- [DATA RECORDS]

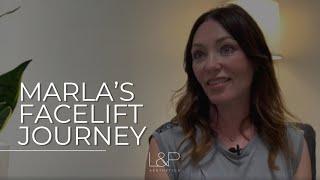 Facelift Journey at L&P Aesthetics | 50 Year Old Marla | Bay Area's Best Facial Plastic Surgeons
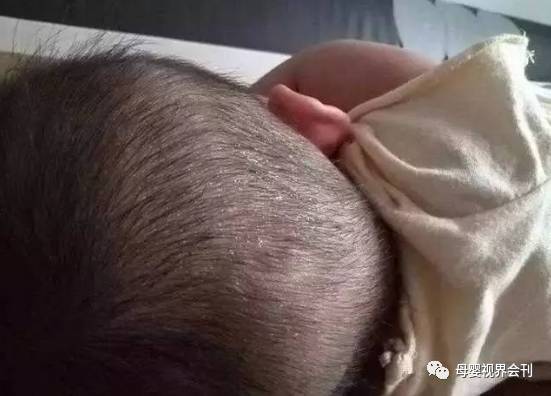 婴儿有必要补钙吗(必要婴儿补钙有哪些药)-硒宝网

* * *

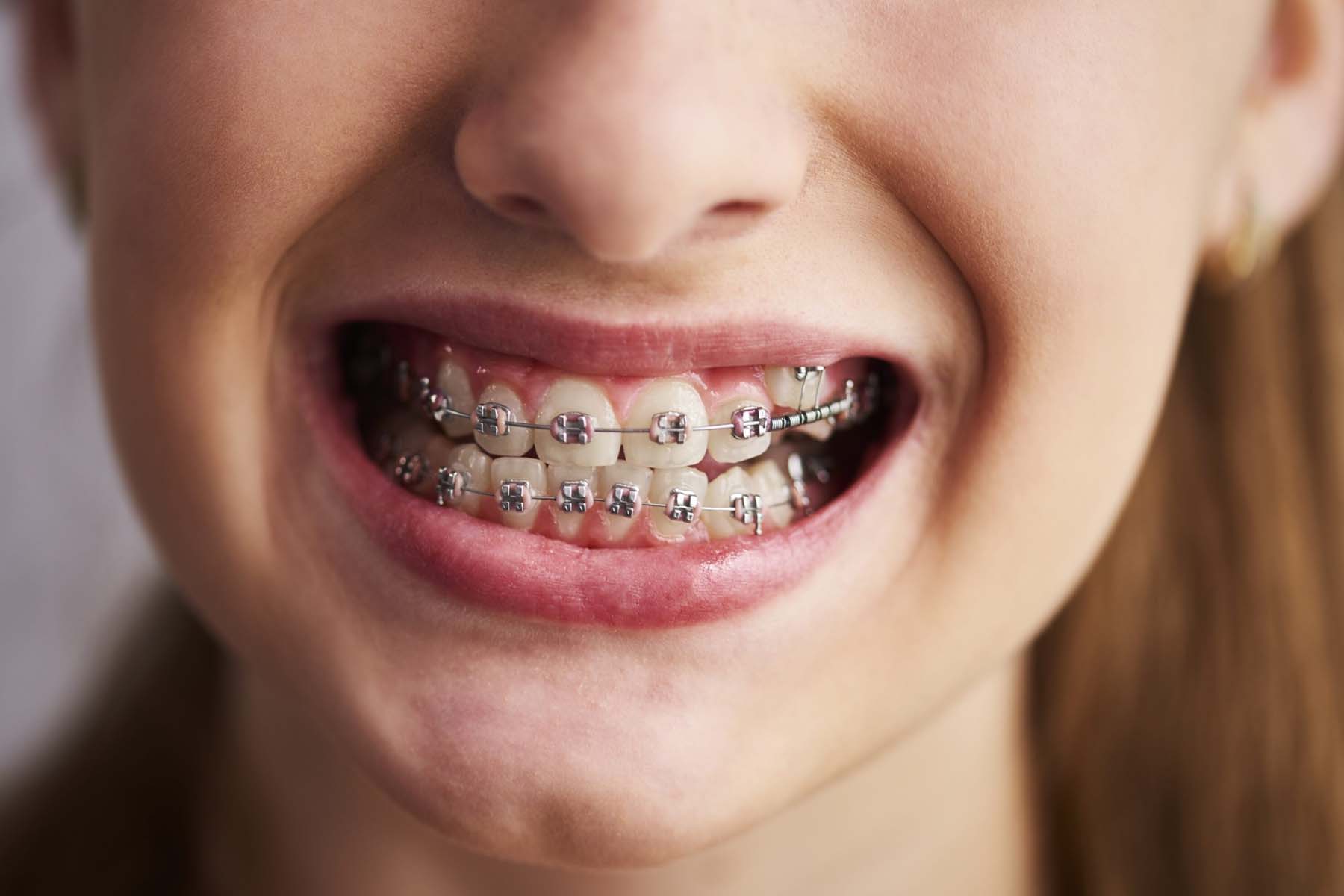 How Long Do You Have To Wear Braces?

...

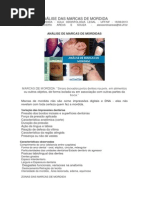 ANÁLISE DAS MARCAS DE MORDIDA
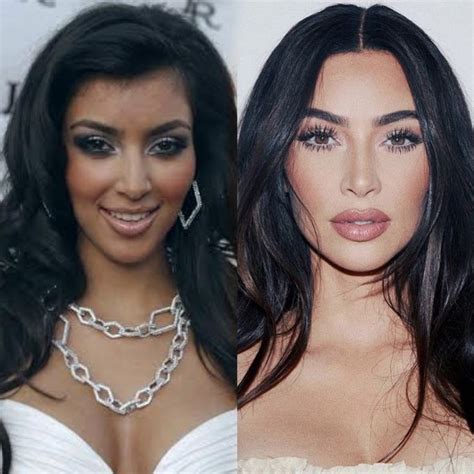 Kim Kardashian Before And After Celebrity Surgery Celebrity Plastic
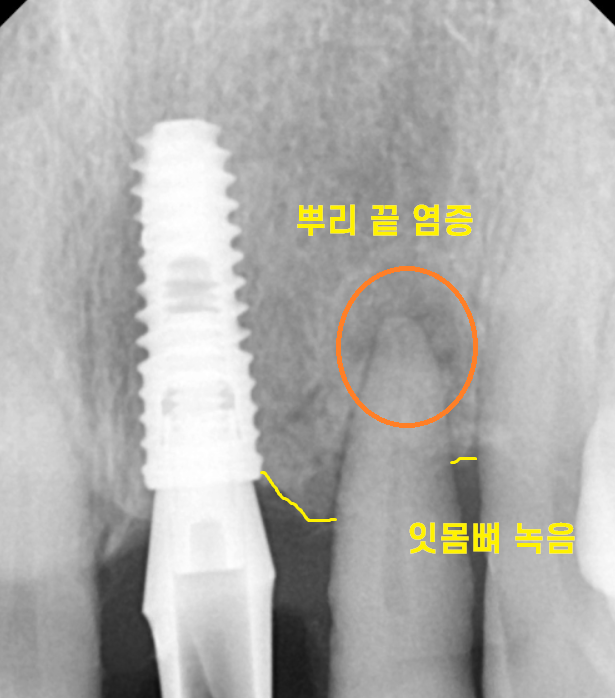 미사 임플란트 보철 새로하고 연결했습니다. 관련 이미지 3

- [WHAT THE TASK ASKS] Once the line with "Kim Kardashian Before" has been found above, output that line and every later line exactly, stopping after the line with "미사 임플란트 보철 새로하고 연결했습니다. 관련 이미지 3", and omit the pictures.

- [RESULT OF THE TASK]
 Kim Kardashian Before And After Celebrity Surgery Celebrity Plastic
 미사 임플란트 보철 새로하고 연결했습니다. 관련 이미지 3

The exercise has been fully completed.